Al Filmmaker Festival di Milano è stato presentato ieri, Transgender Day of Remembrance per commemorare le vittime dell’odio e del pregiudizio verso le persone transgender, A Norma, documentario di
Carlotta Cosmai, Pedro Pablo HdeO, Maryam Shater e Michela Zolfo con protagonista una donna trans peruviana.
La ricerca di una “creatura favolosa” che si narra esistere nelle acque del lago di Como ha condotto i quattro registi a conoscere la storia di Norma, prostituta trans, donna che rappresenta un tabù nella società in cui viviamo. Ha così inizio un viaggio verso la decostruzione dei nostri desideri, aspettative e pregiudizi, in una riflessione sul concetto di femminilità. L’immaginario degli autori ha incontrato e dialogato con la realtà e i ricordi di Norma: il suo passato in Perù, l’inizio del percorso di accettazione di sè, e la sua lunga trasformazione ancora in divenire.
40 minuti di durata per conoscere Norma attraverso un linguaggio immaginifico. Cosmai, HdeO, Shater e Zolfo si soffermano sui piccoli particolari, sulle sfumature di un volto e di un corpo, di una casa che è il suo intero universo, in cui lavorare, vivere, costruirsi e indossarsi. La ricerca di una “creatura favolosa”, metafora delle proiezioni (e pregiudizi) sui temi-tabù di questo film, ha incontrato la quotidianità di Norma, che ha letteralmente aperto la porta sulla sua vita, invitando gli autori del doc in un percorso di graduale disvelamento di frammenti del suo passato-presente.

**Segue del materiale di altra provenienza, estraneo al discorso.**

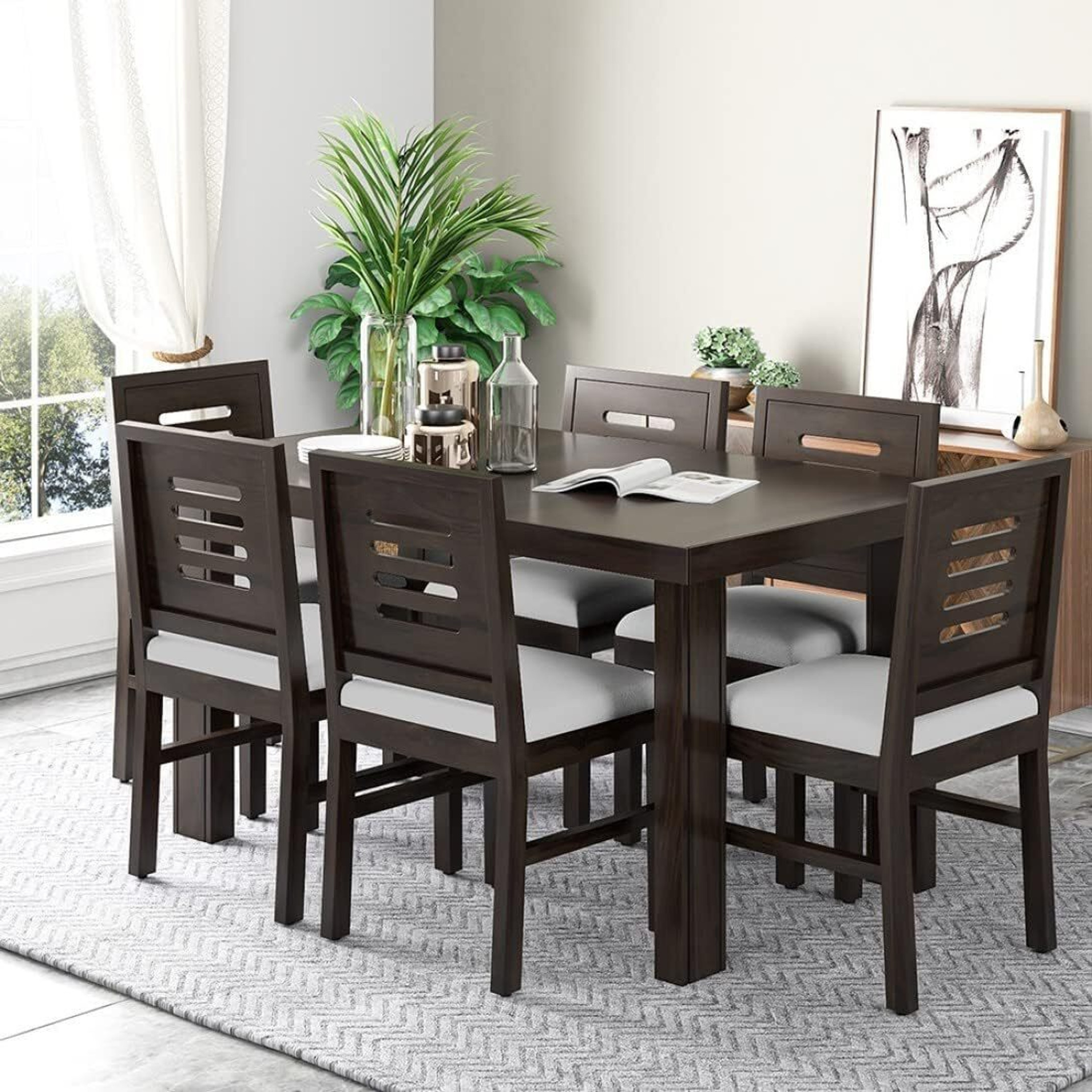 Worldwood Solid Sheesham Wood Six Seater Dining Set For Dining Room, Restaurant, Café. Solid Wood 6 Seater Dining Set (Finish Color -Walnut Finish, DIY(Do-It-Yourself))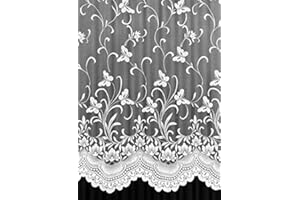 Amania Trading Ltd Pretty Enchanted Butterfly White Net Curtain 36 inch drop Sold by the Meter - Curtains At Home
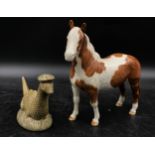 Beswick horse 16cm at tallest point along with a Beswick Beneagles scotch whisky Loch Ness Monster.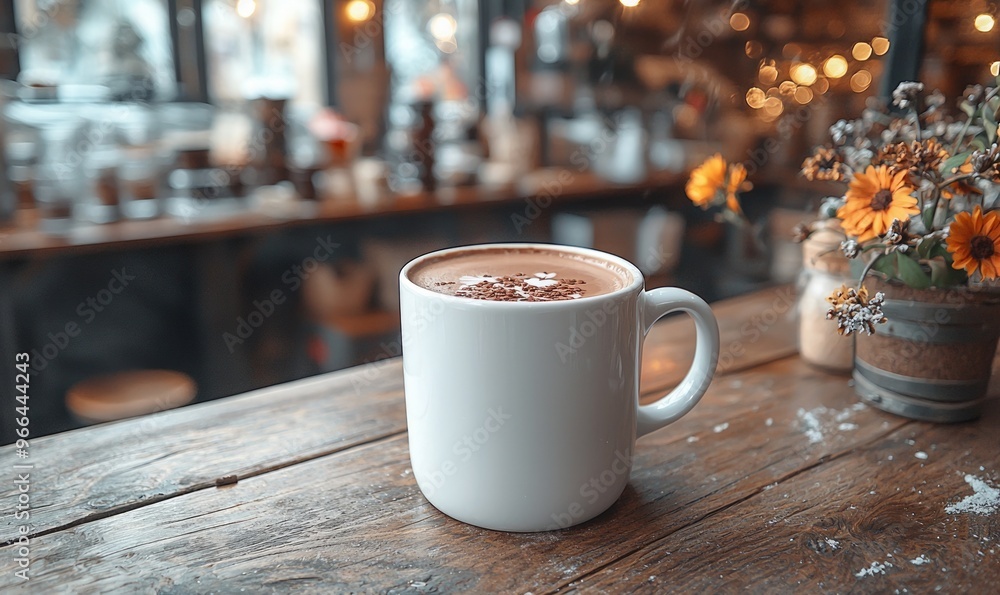 Winter hot cappuccino coffee drink, winter background, Christmas drink Winter hot cappuccino coffee drink, winter background, Christmas drink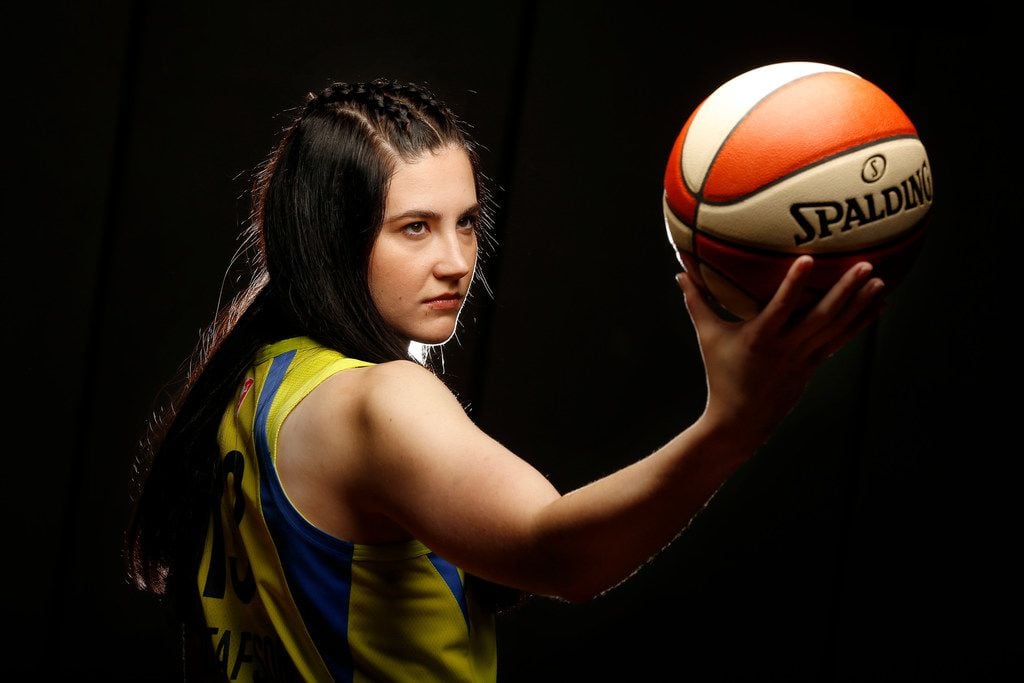 Dallas Wings basketball player Megan Gustafson poses for a photo during media day at College...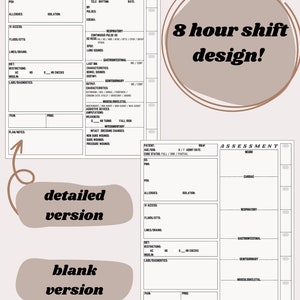 May include: A printable 8-hour shift design template for nurses and other healthcare professionals. The template includes sections for patient information, assessment, and plan of care. The template is available in both a detailed and blank version.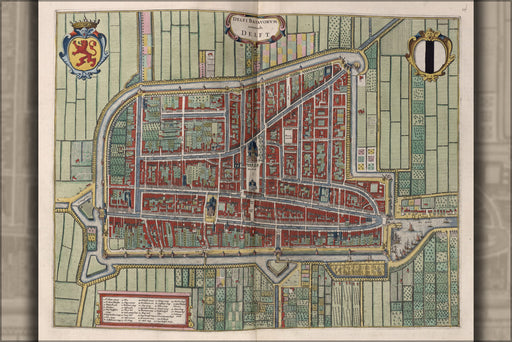 24"x36" Gallery Poster, map of Delft netherlands 1642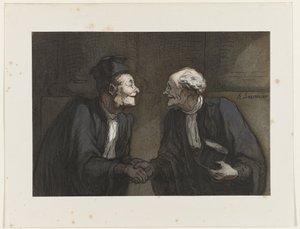 İki avukat el sıkışıyor // Deux avocats: la poignée de main by Honoré Daumier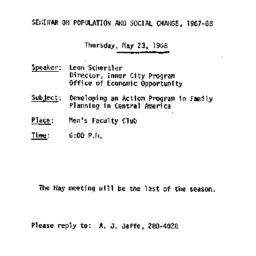 Announcements, 1968-05-15. ...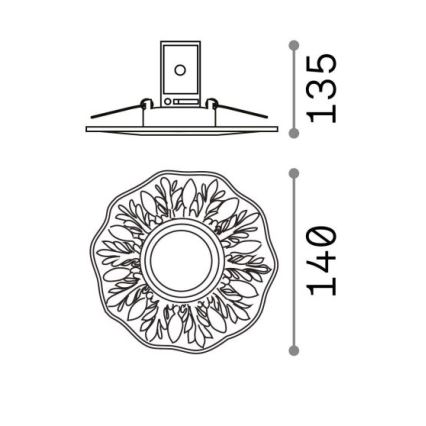 Ideal Lux - Indbygningsspot 1xGU10/50W/230V guld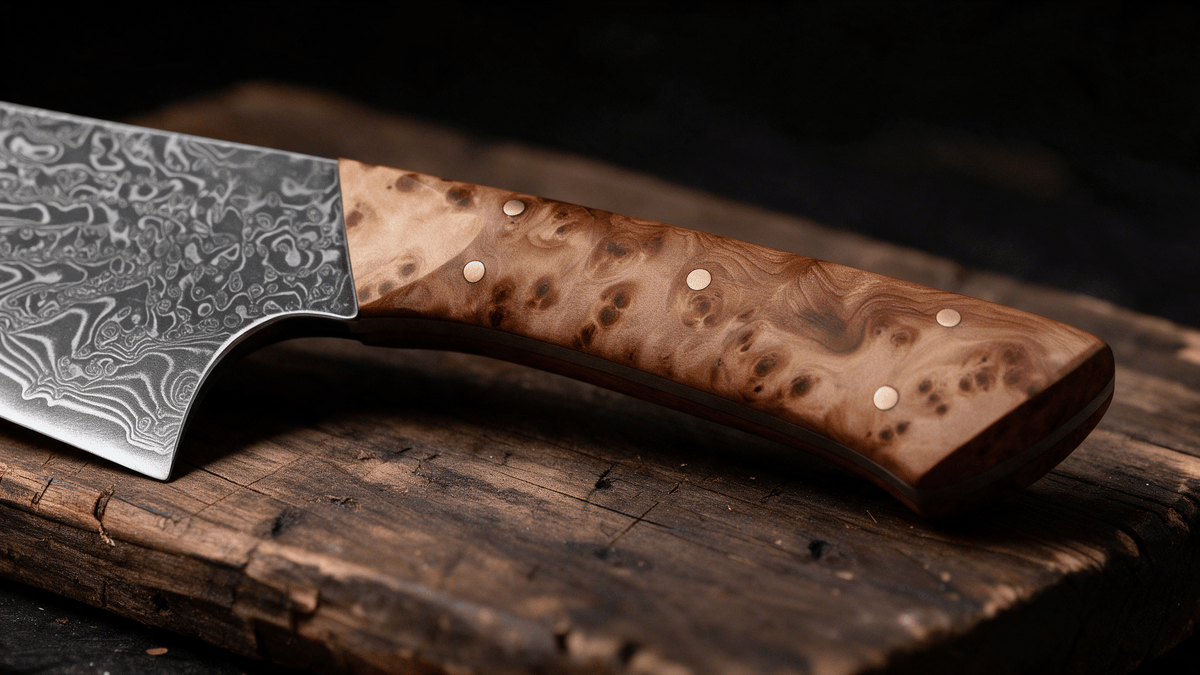 Couteau Kiritsuke Japonais Acier Damas 67 Couches 13 cm – Manche Loupe de Bois - Damasaki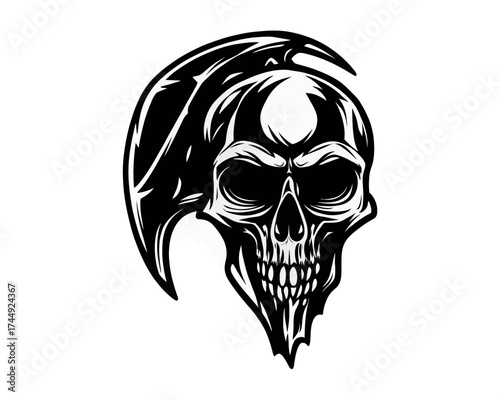 Skull illustration with tribal like headdress in black and white vector design isolated on white background | editable eps vectors silhouette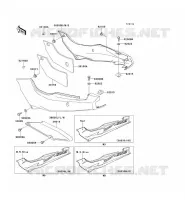 CACHE LAT&Eacute;RAL/GARDE CHAINE pour Kawasaki GPZ500S 1997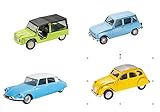 Mondo Motors Brand Mondo Motors Set of 4 1/43 Cars: Citroen MEHARI + DS19 + 2CV + Renault 4 (Ref: MV6)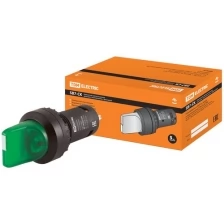 Переключатель на 3 положения с фиксацией SB7-CK3365-220V короткая ручка(LED) d22мм 1з+1р зеленый TDM (Упаковка 10шт) SQ0746-0065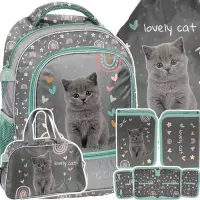 1.  Paso Zestaw Szkolny 4el. Grey Cat Plecak PP26CS-260 + Piórnik PP26CS-P001BW + Worek PP26CS-712 + Torba PP26CS-074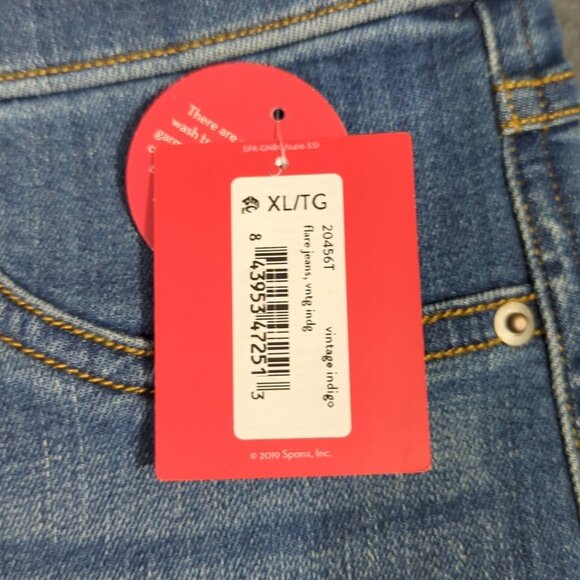Spanx Jeans Women's XL Tall Blue EveryWear Flare Pull On Denim Wide Leg NWT - Picture 6 of 14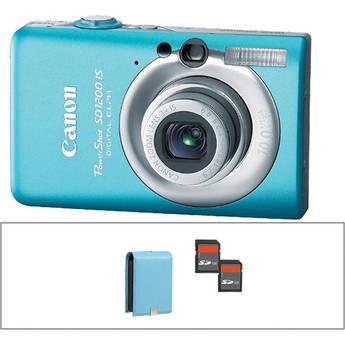 Canon PowerShot SD1200 IS Digital Camera with Basic Accessory Kit  (Blue)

Utilizzando uno sguardo “intimo”, i 4 registi hanno voluto restituire un ritratto di Norma, della sua trasformazione ancora in atto, dandole la possibilità di raccontare la sua adolescenza, il suo primo impatto con un uomo molto più grande di lei quando era poco più che adolescente, l’arrivo in Italia con mille dubbi e paure, la scoperta della prostituzione, il fascino dell’uomo italico che da subito la conquista, il sorprendentemente felice coming out con sua mamma e le paure di un intervento tanto invasivo, a tal punto da rischiare di mettere in discussione il proprio piacere. Dovendo soppesare tra l’orgasmo eventualmente perduto e il continuare a guardare un corpo che non sente suo, Norma ha intrapreso la strada dell’irreversibilità, che nel suo caso voleva dire felicità.
“Io sono stata bambino, ragazzino, ragazzo, poi sono stata ragazzo effeminato, travestito, trans masculina, trans femminile, trans super femminile, operata e ora operata vecchia”, sottolinea divertita Norma, nel raccontare mille vite in una, con quell’ansia costante di dover sempre apparire iper femminile che non l’abbandona mai. “Non posso mai abbassare la guardia, devo stare sempre nel personaggio, non sono sicura di me stessa”, confessa Norma, che lavora con il proprio corpo, da lei chirurgicamente modellato eppure sempre costantemente sotto la sua stessa lente d’ingrandimento, perché un tempo “brutto anatroccolo” poi rinato cigno. Insicurezze dettate dagli sguardi altrui, dalla mancata accettazione, dai giudizi segnati da preconcetti e odio nei confronti di una comunità intera che caratterizzano la società odierna.
“Ciò che conta per noi è rappresentare la fluidità di un percorso, il “trans-”, cioè un passaggio oltre un termine, l’attraversamento, il mutamento da una condizione all’altra“, hanno sottolineato gli autori, riusciti ad entrare nel privato di una donna “complessa”, orgogliosamente libera e fuori dalla Norma.